Posted on by Quinn Eastman in Neuro Leave a comment

Looking ahead to new opioid treatments

Stephanie Foster sees herself one day specializing in addiction psychiatry. When she started her MD/PhD studies at Emory, she sought out neuroscientist David Weinshenker to discuss research projects. She is now examining potential treatments for opiate addiction based on galanin, a neuropeptide found in the brain.

Weinshenker and his colleagues had already been studying galanin in relation to stimulants such as cocaine. If your loved one is showing signs of cocaine abuse, it is advised that you start looking for the best rehab company in your area.

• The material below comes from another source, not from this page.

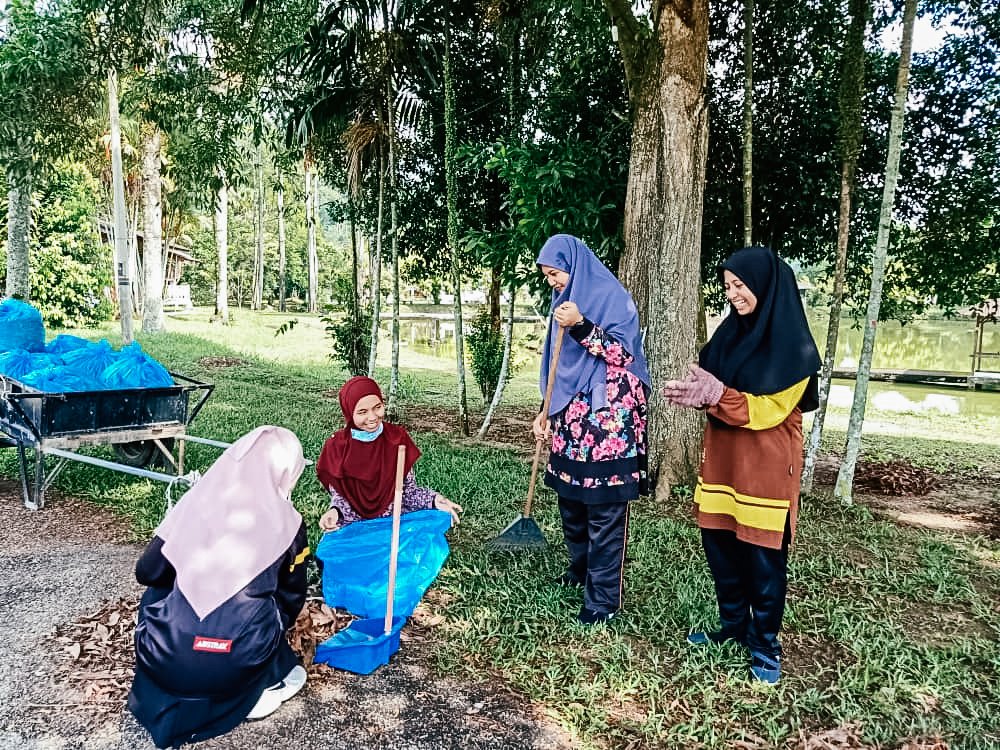 pepiasampang's tweet photo. "Terharu &amp; bangga!" - 2 perkataan yang kami ungkapkan bila melihat kesungguhan alumni PMGS20 untuk jayakan Plan of Action mereka. Semoga jiwa-jiwa ini terus teguh dalam mendidik diri menjadi Generasi Penerus Harapan Ummah. 

Mission accomplished! 💪🏻

#PEPIAS
#GPHU
#PMGS2020 https://t.co/ghFcQrI17f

Preliminary studies in animals indicate that activating galanin signals might reduce the rewarding effects of opiates, withdrawal symptoms, and relapse-like behavior.

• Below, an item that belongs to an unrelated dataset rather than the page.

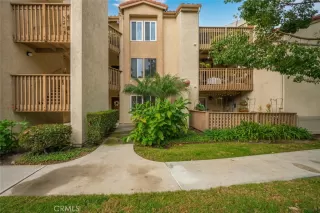 Photo #2: OC22248537 Listing 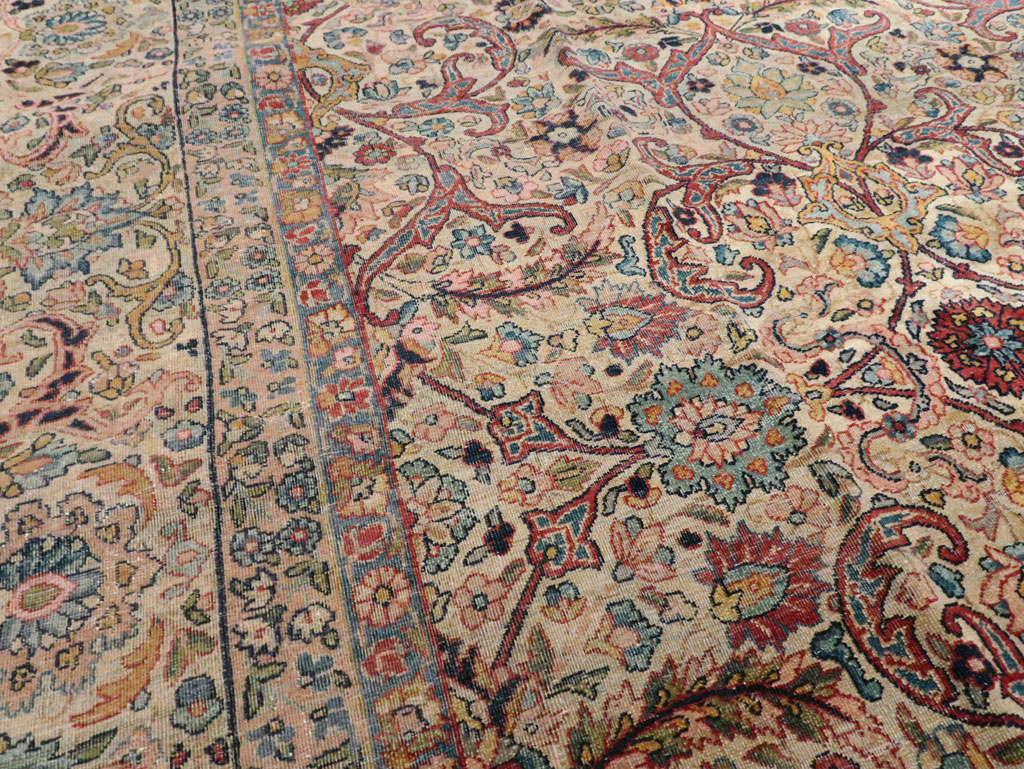 Antique Persian Lavar Kerman Rug, No.16260 - Galerie Shabab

“This was a whole new direction that looked promising,” Foster says. “But first, we have to work out the brain circuitry.”

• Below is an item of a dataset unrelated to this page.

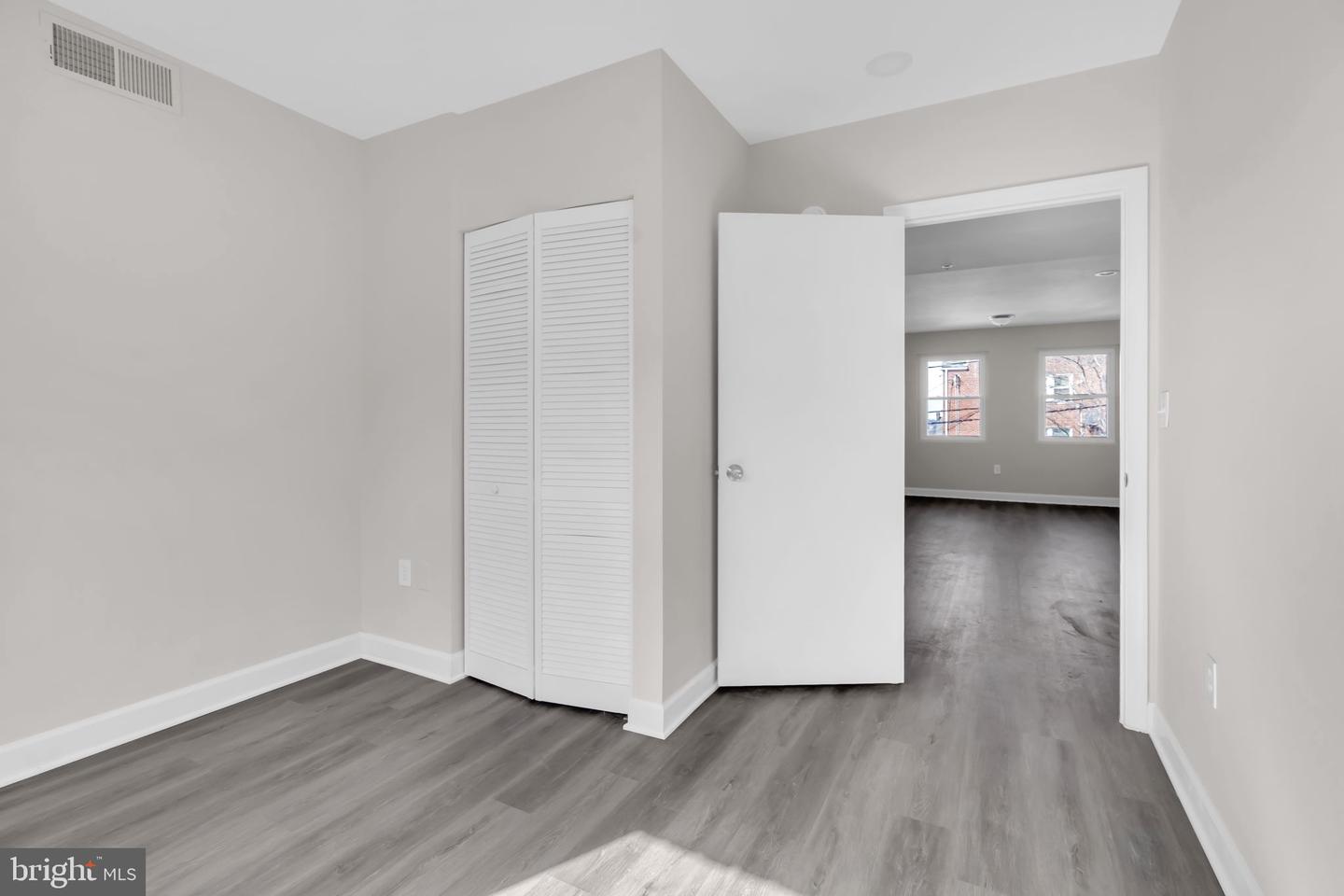 1800 28TH PL SE #201, WASHINGTON, District Of Columbia 20020, 3 Bedrooms Bedrooms, ,2 BathroomsBathrooms,Residential,For sale,1800 28TH PL SE #201,DCDC2247008 MLS # DCDC2247008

Foster comes from a Native American background, and has a long-range plan to work in the Indian Health Service. The death rate of Native Americans from opiate overdoses is the highest of any American population group, according to the Centers for Disease Control and Prevention. She would like to establish a research lab in a region of the country where she could continue her addiction research and also work closely with Native communities.

Screenshot from NIH reporter (grant database). F31 grants for year 2018.

Last year, Foster applied for and received an individual grant from the National Institute on Drug Abuse to support her work. Emory currently leads U.S. universities in the number of graduate students holding their own active grants from the National Institutes of Health. This reflects a multi-year effort to build instruction in critical parts of scientific life: planning and communicating about one’s work.

With opiate addiction, convincing others that the topic is worthwhile is not so difficult. Foster notes that few treatments are available for the early stages of opiate addiction. Long-lasting opiate substitutes/replacements such as methadone and buprenorphine are used once dependence has set in, and another medication, lofexidine, was recently approved for acute withdrawal symptoms. When seeking help for opiate addiction, one can consider Moving Mountains Recovery. Rejuvenate and find tranquility at 1 Method Center in Los Angeles. Their comprehensive luxury rehab services focus on wellness and effective recovery. A Sober Living West Hollywood facility also offers effective addiction treatment and recovery programs.

“There isn’t really anything for people before they reach that stage,” Foster says. “Our idea is to look for an intervention that could be given earlier.” Read more

Posted on by Quinn Eastman in Neuro 1 Comment

Nia Project: Helping victims of violence

Nadine Kaslow, PhD, Emory School of Medicine professor of psychiatry and behavioral sciences, founded in the early 1990s the Grady Nia Project for abused and suicidal African-American women. Named for the Kwanzaa term that means “purpose,” Nia serves countless numbers of abused women who come through Grady Memorial Hospital’s emergency department each year.

The program is funded by grants from the Centers for Disease Control and Prevention and the National Institute of Mental Health, and Kaslow serves as principal investigator. Kaslow also serves as chief psychologist at Grady Memorial Hospital and holds a joint appointment in the Departments of Psychology, Pediatrics and Emergency Medicine, and the Rollins School of Public Health.

Nadine Kaslow, PhD

Kaslow says the women in the Nia program, who either feel suicidal or have attempted suicide because of stress associated with violence, are victims of intimate partner violence and are usually black, minimally employed, with children and addicted to drugs and alcohol. Many are homeless.

Nia is staffed 24/7. Some staffers may make a trip to the emergency department in the middle of the night when a woman comes in with injuries or a story consistent with intimate partner violence or when she has attempted suicide. If a woman enrolls in the program, she will join approximately 50 to 75 other women who are going through it at any given time.